Friday, December 14, 2012

Elvira

Elvira

for Ruby Carat

She captured my heart the instant I saw her. She was a long-legged dark beauty with orange highlights in her hair. She was attempting to cross a busy road against murderous traffic and I knew I had to act fast. Braking hard, I swerved my truck to the side of the road, jammed on the parking brake, launched myself from the door, and ran to her mid-road. I threw my hands to the sky. Traffic came to an abrupt halt. The busy travelers waited, confused but patient.

Alarmed at my approach, she halted her delicate gait. I fell down on my knees, placed my hand upon the black pavement and contrasting yellow lines and waited. Then, slowly she continued her progression, placing first one, then two, three, four and finally all eight legs of her black and tan and orange hairy beauty into the care of my palm. Her common name was tarantula but I dubbed her Elvira, the dark and mysterious.

She froze in my hand. I raised her to be admired. She appeared relaxed and unthreatened. She worried me little, as I've see many of her family before. Most people shudder in horror at their sight. But I find their slow ambling walk through the brush, in contrast to the speedy zipping of most every other creature, to invite a relaxed contemplation. I can understand the horror they strike in the uninformed. They appear as two hands sewn together such that the eight fingers work to propel and the thumbs are transformed to fangs.
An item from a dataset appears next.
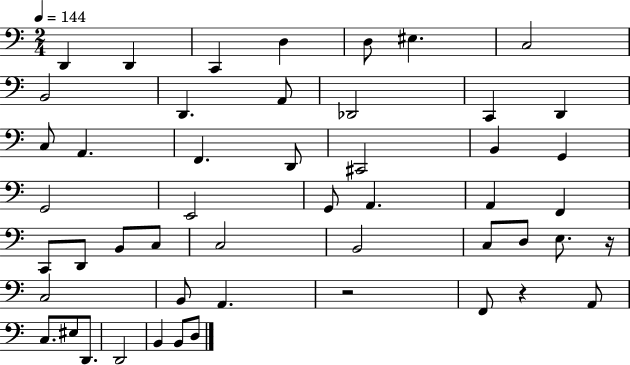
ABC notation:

Small but threatening, people see them as a transgression against nature, a thing to be crushed. Though feared and hated, they too have their small purpose in life.
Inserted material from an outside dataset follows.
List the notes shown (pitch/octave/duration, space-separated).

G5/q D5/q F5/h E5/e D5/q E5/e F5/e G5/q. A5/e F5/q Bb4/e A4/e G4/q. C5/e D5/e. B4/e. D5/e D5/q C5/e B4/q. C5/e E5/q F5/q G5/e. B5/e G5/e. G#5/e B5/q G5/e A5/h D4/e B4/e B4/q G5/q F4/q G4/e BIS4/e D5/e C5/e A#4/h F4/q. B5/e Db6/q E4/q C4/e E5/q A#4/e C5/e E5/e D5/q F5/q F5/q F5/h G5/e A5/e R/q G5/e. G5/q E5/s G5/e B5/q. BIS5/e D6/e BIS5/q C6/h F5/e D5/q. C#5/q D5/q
I saw through the windshield of the nearest vehicle the gap-jawed astonished faces and heard a polite reminding toot from a horn of the passage of time. The impatient crushing wheels needed to continue their work further down the road. So I stepped to the roadside and held her aloft to allow the curious to admire and the vexed to curse. As the parade passed, some laughed, some squealed, some saluted with the middle finger. Then we were alone.
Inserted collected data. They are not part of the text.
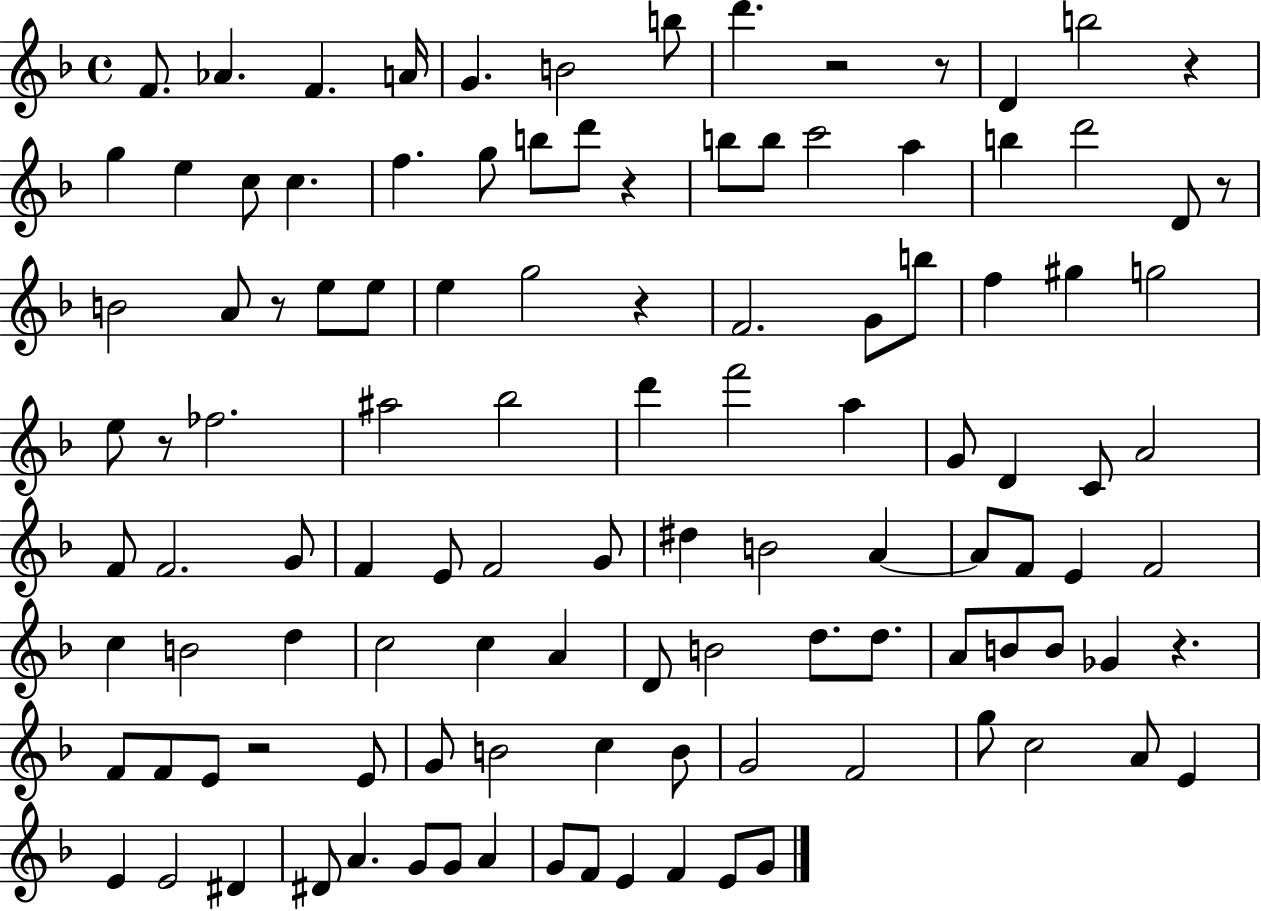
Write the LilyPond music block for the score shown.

{
  \clef treble
  \time 4/4
  \defaultTimeSignature
  \key f \major
  f'8. aes'4. f'4. a'16 | g'4. b'2 b''8 | d'''4. r2 r8 | d'4 b''2 r4 | \break g''4 e''4 c''8 c''4. | f''4. g''8 b''8 d'''8 r4 | b''8 b''8 c'''2 a''4 | b''4 d'''2 d'8 r8 | \break b'2 a'8 r8 e''8 e''8 | e''4 g''2 r4 | f'2. g'8 b''8 | f''4 gis''4 g''2 | \break e''8 r8 fes''2. | ais''2 bes''2 | d'''4 f'''2 a''4 | g'8 d'4 c'8 a'2 | \break f'8 f'2. g'8 | f'4 e'8 f'2 g'8 | dis''4 b'2 a'4~~ | a'8 f'8 e'4 f'2 | \break c''4 b'2 d''4 | c''2 c''4 a'4 | d'8 b'2 d''8. d''8. | a'8 b'8 b'8 ges'4 r4. | \break f'8 f'8 e'8 r2 e'8 | g'8 b'2 c''4 b'8 | g'2 f'2 | g''8 c''2 a'8 e'4 | \break e'4 e'2 dis'4 | dis'8 a'4. g'8 g'8 a'4 | g'8 f'8 e'4 f'4 e'8 g'8 | \bar "|."
}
The low sun and wind in the brush told me the day was waining. Carrying her to the fence-line, her original destination, I gently lowered her to the earth. She hesitated in my hand for a moment, until a gentle tickling with a finger urged her to continue her migration. I watched as she made her slow circuitous, progression through the brush and weeds toward some distant, unknown objective. Where was she going? Was she in search of food, a new home, a mate? Or was she simply following some indecipherable plan devised by nature? I watched until she was obscured. Then I turned to my truck, where it patiently awaited my return.